The Federal Rules of Civil Procedure allow a Court to dismiss an action for "insufficiency of service of process." FED. R. CIV. P. 12(b)(5). In a Rule 12(b)(5) motion, "the party making the service has the burden of demonstrating validity when an objection to the service is made." Suegart v. U.S. Customs Serv., 180 F.R.D. 276, 278 (E.D. Pa. 1998). "In addressing such motions, '[t]he courts have broad discretion to dismiss the action or to retain the case but quash the service that has been made on defendant[s].'" Grand Entm't Group, Ltd. v. Star Media Sales, Inc., No. CIV.A.86-5763, 1993 WL 437699, at *2 (E.D. Pa. Oct. 21, 1993) (quoting 5A CHARLES A. WRIGHT & ARTHUR R. MILLER, FEDERAL PRACTICE PROCEDURE § 1354 at 288 (2d ed. 1990)).

Nevertheless, the United States Court of Appeals for the Third Circuit has held that "dismissal of a complaint is inappropriate when there exists a reasonable prospect that service may yet be obtained. In such instances, the district court should at most, quash service, leaving the plaintiff[] free to effect proper service." Umbenhauer v. Woog, 969 F.2d 25, 30 (3d Cir. 1992). "Where service is insufficient, the Court must extend the deadline where good cause is present, and may, at its discretion, extend the deadline regardless, even if good cause is not present." Salaam v. Merlin, No. CIV.A.08-1248, 2009 WL 2230925, at *3 (D.N.J. Jul. 22, 2009) (citingPetrucelli v.

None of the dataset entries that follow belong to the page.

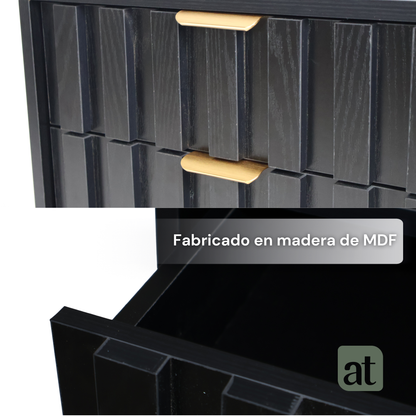 ALTALIA DECO HOME Buró para Recámara Moderno - Mesa de Noche 3 Cajones Almacenamiento - Buro Minimalista Lambrín - 60x48x40cm - Buro Madera MDF - Buros Recámara Mesita Noche Auxiliar (Negro 3 Cajones)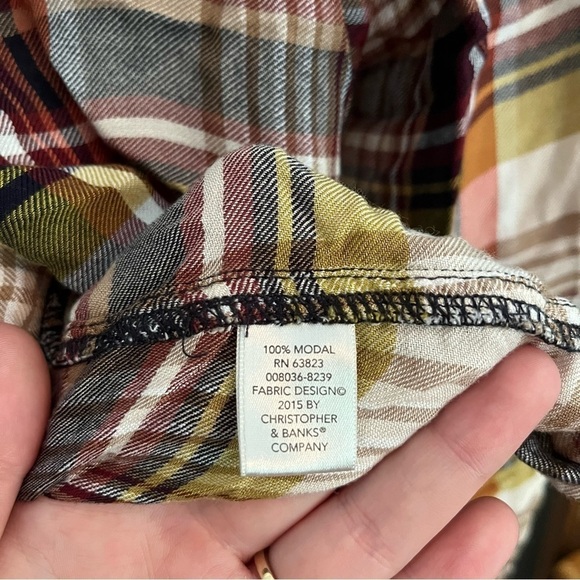 Christopher & Banks Plaid Flannel Button Down - Picture 4 of 5
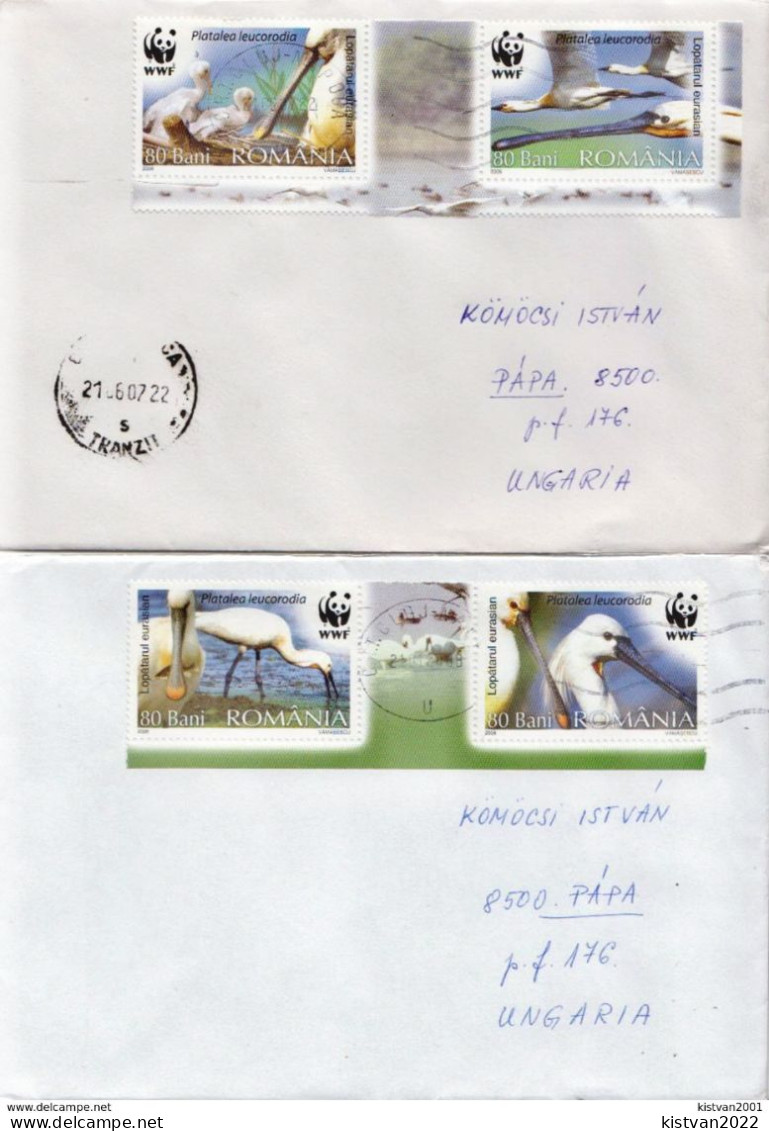 Postal History Cover: Romania With Birds, WWF Full Set On 2 Covers - Brieven En Documenten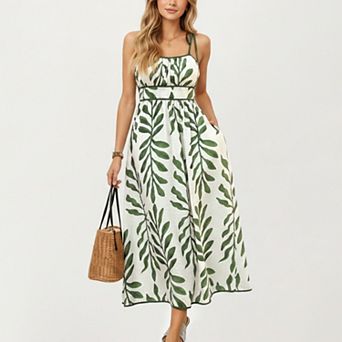 Women's Sleeveless Midi Dress with Leaf Print Tie Shoulder Straps Smocked Back A-Line Silhouette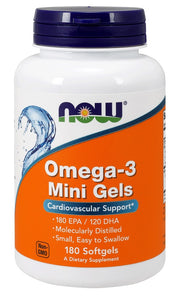 Produkto nuotrauka: NOW Foods Omega-3 Mini Gels - 180 minkštųjų kapsulių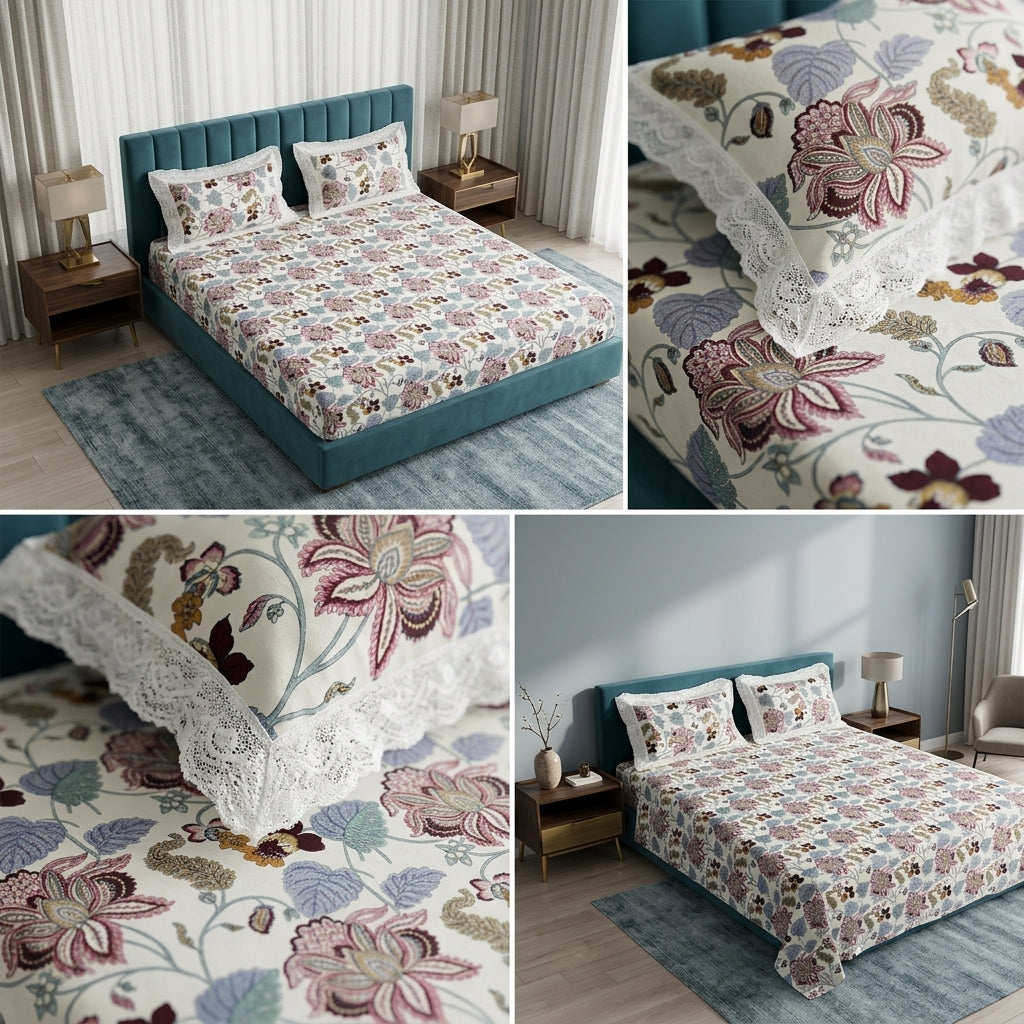 English Bedsheet With Lace Pillow Covers (108 * 108)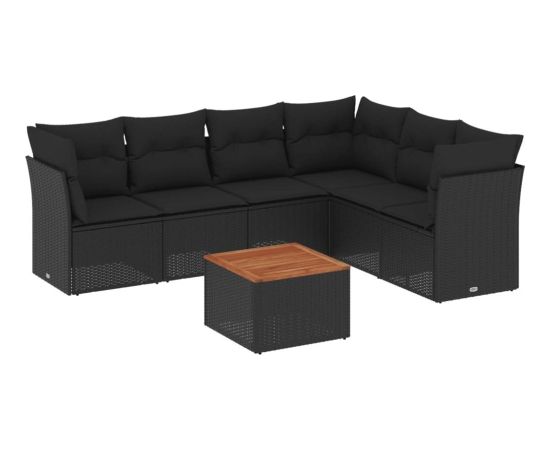 vidaXL 7-cz. zestaw wypoczynkowy do ogrodu, z poduszkami, czarny Dārza mēbeļu komplekti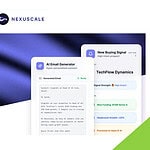 Homepage of Nexuscale.ai, featuring a headline about selling smarter with autonomous sales agents, a call-to-action button, and sample AI-generated email and sales signal cards on the right for your sales team.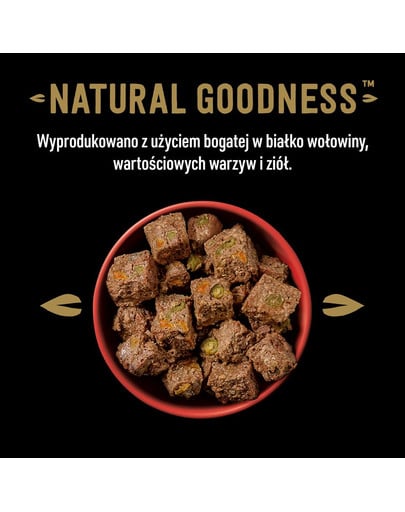 CESAR Natural Goodness w terynie 400 g bogata w wołowinę z dodatkiem marchewki, fasolki szparagowej i ziół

Bohringer & Ratzinger, 46 F.3d 1298, 1312 (3d Cir.1995)). Good cause exists where there is a "demonstration of good faith on the part of the party seeking an enlargement and some reasonable basis for noncompliance within the time specified in the rules." MCI Telecomm. Corp. v. Teleconcepts, Inc., 71 F.3d 1086, 1097 (3d Cir. 1995) (quotations omitted). Some of the factors courts examine in determining whether good cause exists include: (1) the reasonableness of the plaintiffs' efforts to serve, (2) the prejudice that may befall a defendant as a consequence of untimely service, and (3) whether plaintiffs moved for an enlargement of time to serve. Id. (citing the three factors but noting that the "absence of prejudice alone can never constitute good cause to excuse late service"). In addition, the burden of establishing good cause rests with the plaintiff. Parker v. John Doe # 1, No. CIV.A.02-7215, 2003 WL 21294962, at *2 (E.D. Pa. Jan. 21, 2003).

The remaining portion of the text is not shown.